“The government says they want us to ‘sinify’ our mosques, so they look more like Beijing’s Tiananmen Square,” says Ali, a Muslim farmer selling pomegranates outside the mosque. He requested that NPR use only his first name because residents have been ordered not to speak about the dome removals. “I think the mosque looks good either way, but what say do we have anyways?”
China is removing the domes and minarets from thousands of mosques across the country. Authorities say the domes are evidence of foreign religious influence and are taking down overtly Islamic architecture as part of a push to sinicize historically Muslim ethnic groups — to make them more traditionally Chinese.
The campaign comes amid rising Islamophobia in China and growing religious restrictions, touching off a discussion across the country among scholars, ethnic policy regulators and historically Muslim Chinese communities about what exactly should be considered “Chinese” to begin with.
China’s approach to ethnic minorities has shifted to “sinicization” under Xi Jinping’s rule
China’s ethnic policy is directly modeled on the Soviet approach, classifying citizens into 55 distinct ethnic minority groups, each of which, in theory, is granted limited cultural autonomy within its territory.

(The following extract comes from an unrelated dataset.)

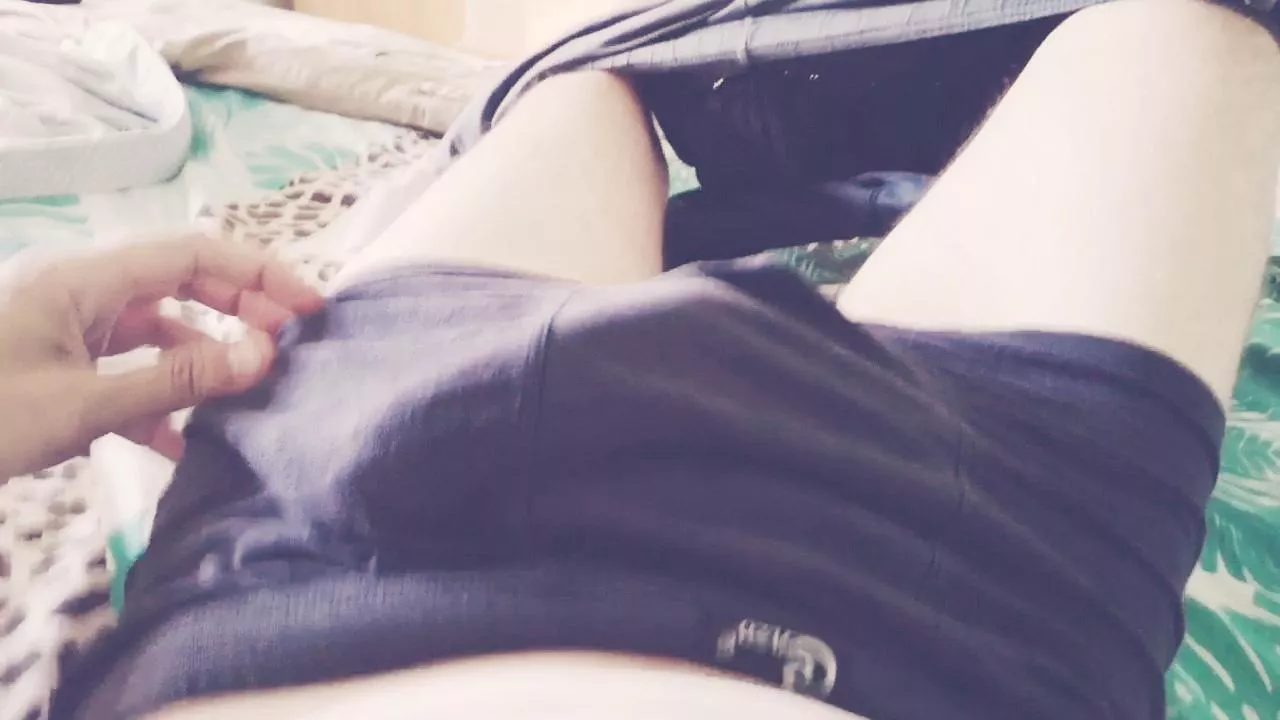 My blue Enzo's (and my bulge🍌)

But experts say the Communist Party under Xi Jinping’s rule has shifted to a new approach, one that favors integration and assimilation — a process dubbed “sinicization” in official speeches and documents.
“A very liberal or positive view of all this [sinicization] is just basically to compare it to, say, what’s it like to become an American citizen? You accommodate and people adjust,” says Dru Gladney, an expert on Islam in China at Pomona College.
After more than 1,300 years of living and intermarrying in China, Hui Muslims — who number about 10.5 million, less than 1% of China’s population — have adjusted by becoming culturally and linguistically Chinese. They even made their version of Islam accessible to Confucians and Daoists — trying to show it as inherently Chinese and not a foreign influence — by adopting spiritual concepts and terms found in ancient Chinese philosophy to explain Islamic precepts.
Various Hui sects have also incorporated Chinese religious practices into their worship, such as burning incense at religious ceremonies. Hui communities in central Henan province are even known for their female-only and female-led mosques, believed to be a uniquely long tradition in China.
The problem from Chinese authorities’ perspective, says Gladney, is that the Hui are not Chinese in the way sinicization proponents want: “When people make this one-way argument of sinicization, I think they’re confusing that with Han-isization” — in other words, making Chinese Muslims more like China’s Han ethnic majority.
Beijing has a much narrower understanding of what being “Chinese” means – adhering to Communist Party values, speaking only Mandarin Chinese and rejecting all foreign influence, say scholars.